Task objective:
Produce a word-for-word copy of the line that contains "Building Photo - 510 Lareine Ave" and each line after it through the end of the material, omitting pictures and all other lines.

Recorded information:
--*--

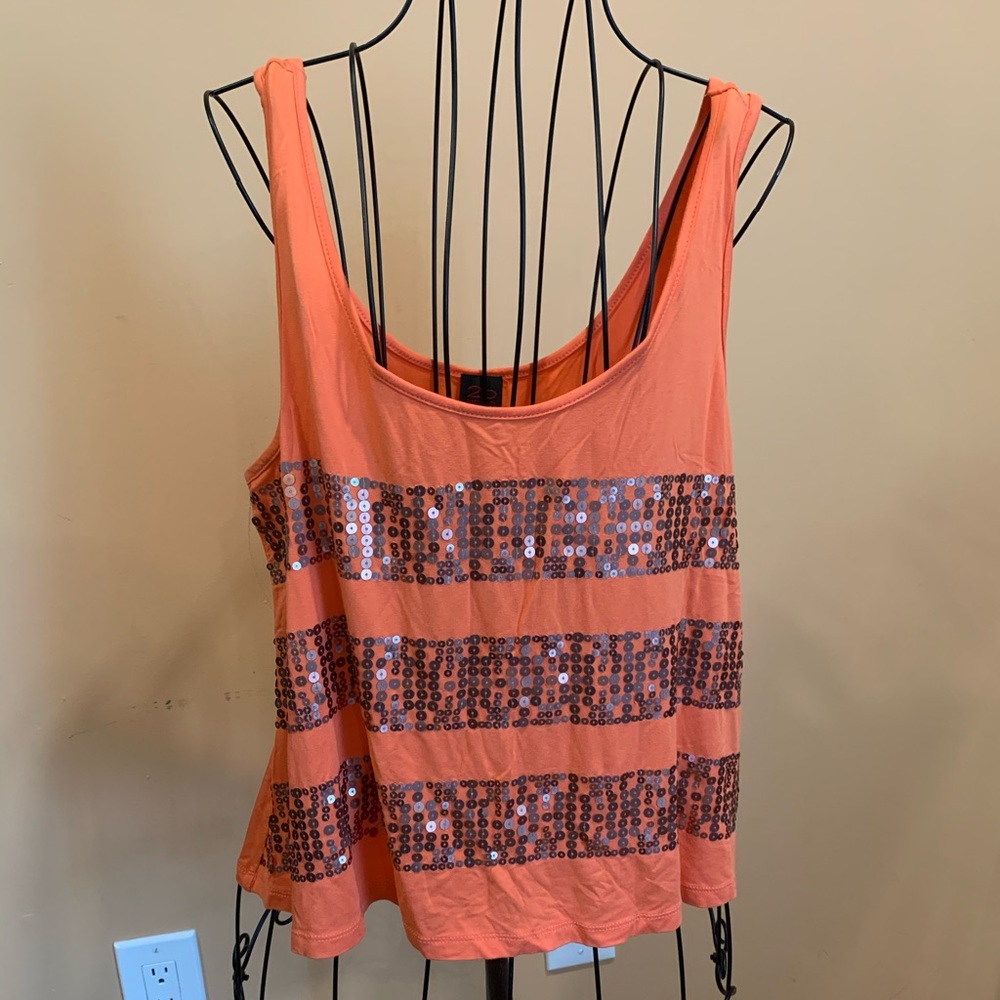 Sequin tank
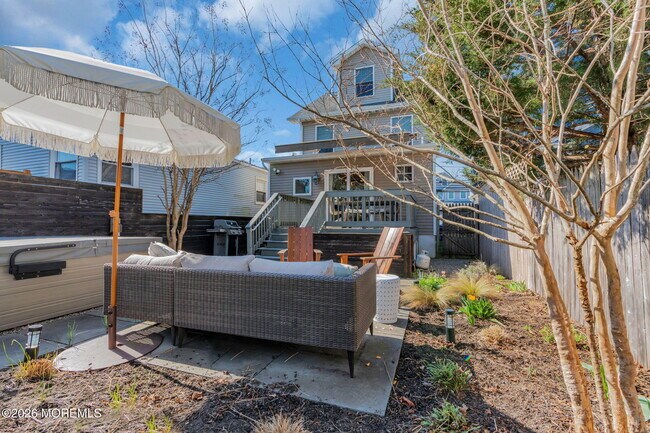 Building Photo - 510 Lareine Ave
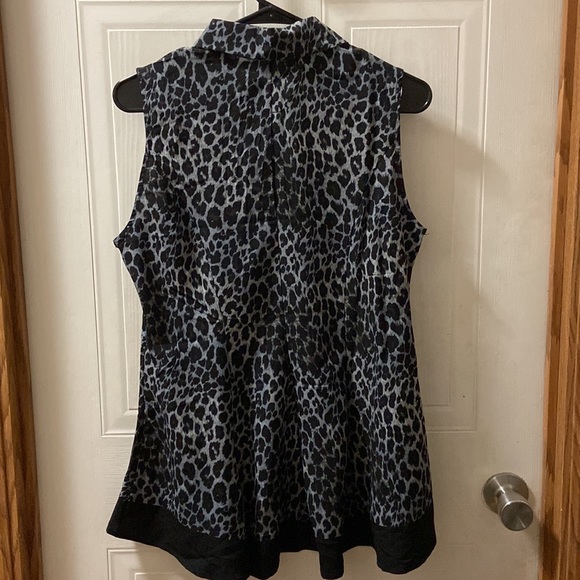 Signature Collection Button Up Flowy Tank Blouse Leopard Print Size Medium - Picture 4 of 4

--*--

Written reply:
 Building Photo - 510 Lareine Ave
 Signature Collection Button Up Flowy Tank Blouse Leopard Print Size Medium - Picture 4 of 4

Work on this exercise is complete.